■ Given data ■
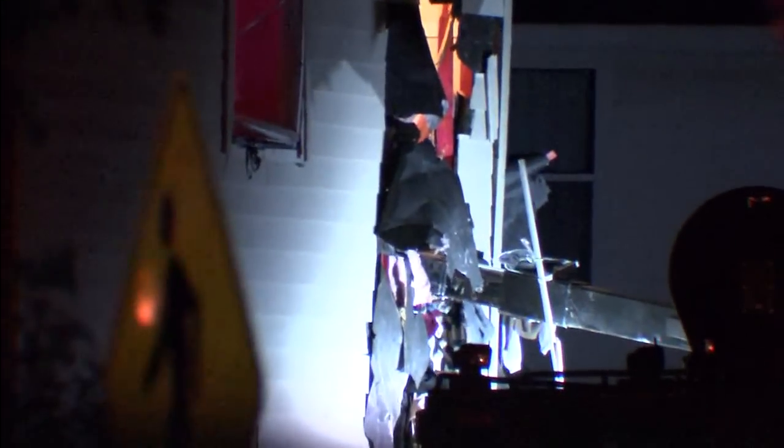That lull earlier — where we said we didn't hear anything, didn't see anything — obviously they were calling in more resources and figuring out what the next game plan was. And this is what it is. We knew something was going to happen, and here's our answer. It looks like they've got a robotic arm digging out a closet.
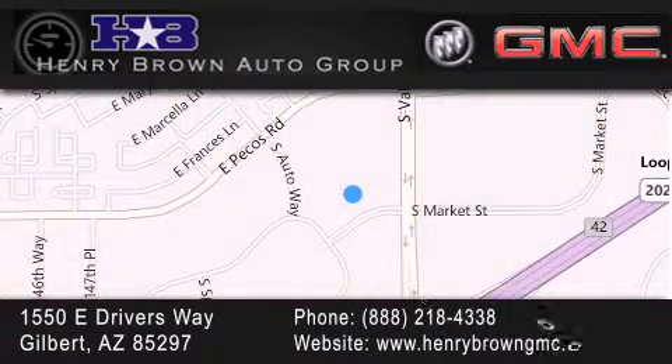Family owned and operated, offering every customer a premier experience. Cars and trucks and trades are worth more at Henry Brown Car and Truck Store.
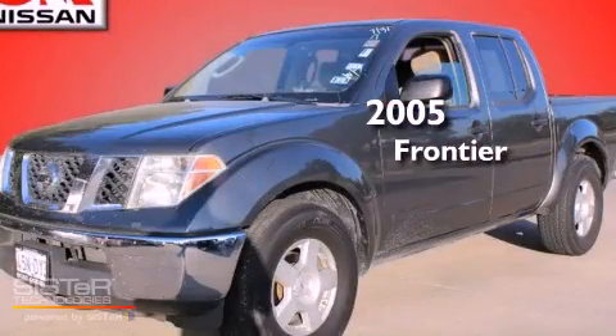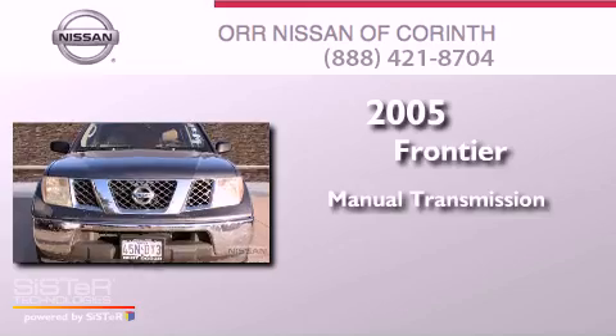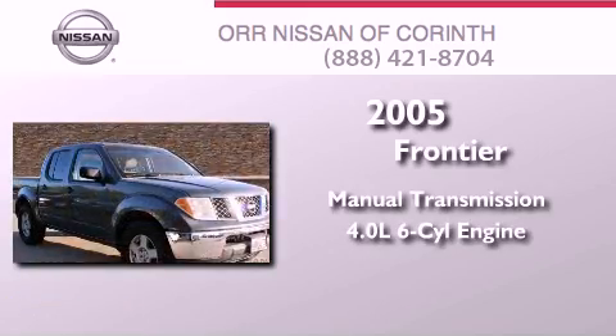This is a 2005 Nissan Frontier. This truck has a manual transmission and a 4.0L V6.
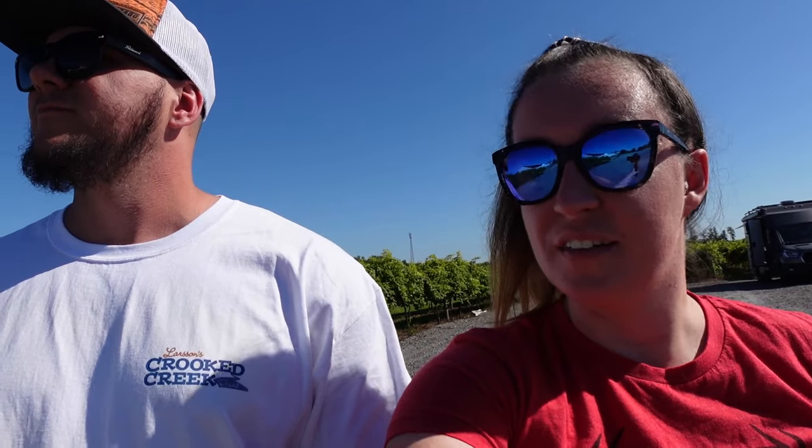Welcome to Ohio, everybody! We ended up at a Harvest Host only about two hours from where we were, and it is called American Winery and Brewery - and boy, does it look pretty cool here. Let's check it out.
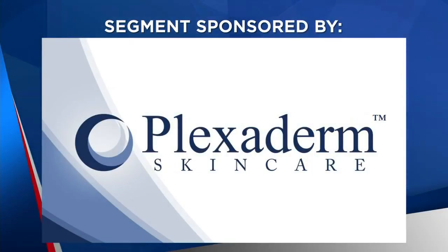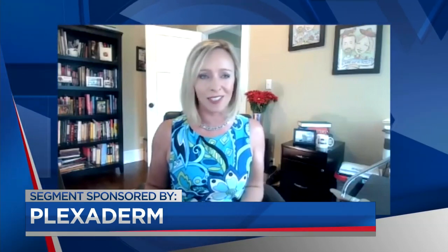The following segment is sponsored by Plexiderm. In this time of mask wearing, there is a new focus on your face, around your eyes. So if crow's feet, bags, or dark circles are making you look older, our next guest says you can visibly reduce the appearance of those signs of aging in just minutes. Melinda McKenzie is here, makeup-free, just the way we start every day. We're talking Plexiderm, how you can try it for $14.95, and the 10-minute pick-me-up challenge.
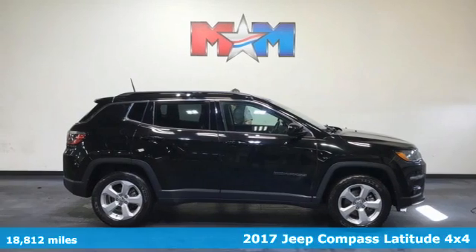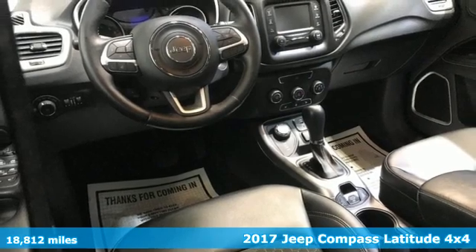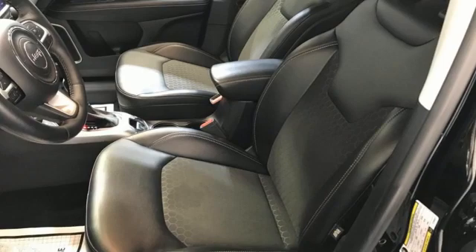It's a 2017 Jeep Compass X. The adventure you're dreaming of becomes a reality in this Compass. It comes with the features you need, and better yet, want.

■ Task requirements ■
Above are some entries; copy exactly the lines from the line with "Family owned and" through the line with "Welcome to Ohio, everybody!", both included, but none of the pictures.

■ Task result ■
Family owned and operated, offering every customer a premier experience. Cars and trucks and trades are worth more at Henry Brown Car and Truck Store.
This is a 2005 Nissan Frontier. This truck has a manual transmission and a 4.0L V6.
Welcome to Ohio, everybody! We ended up at a Harvest Host only about two hours from where we were, and it is called American Winery and Brewery - and boy, does it look pretty cool here. Let's check it out.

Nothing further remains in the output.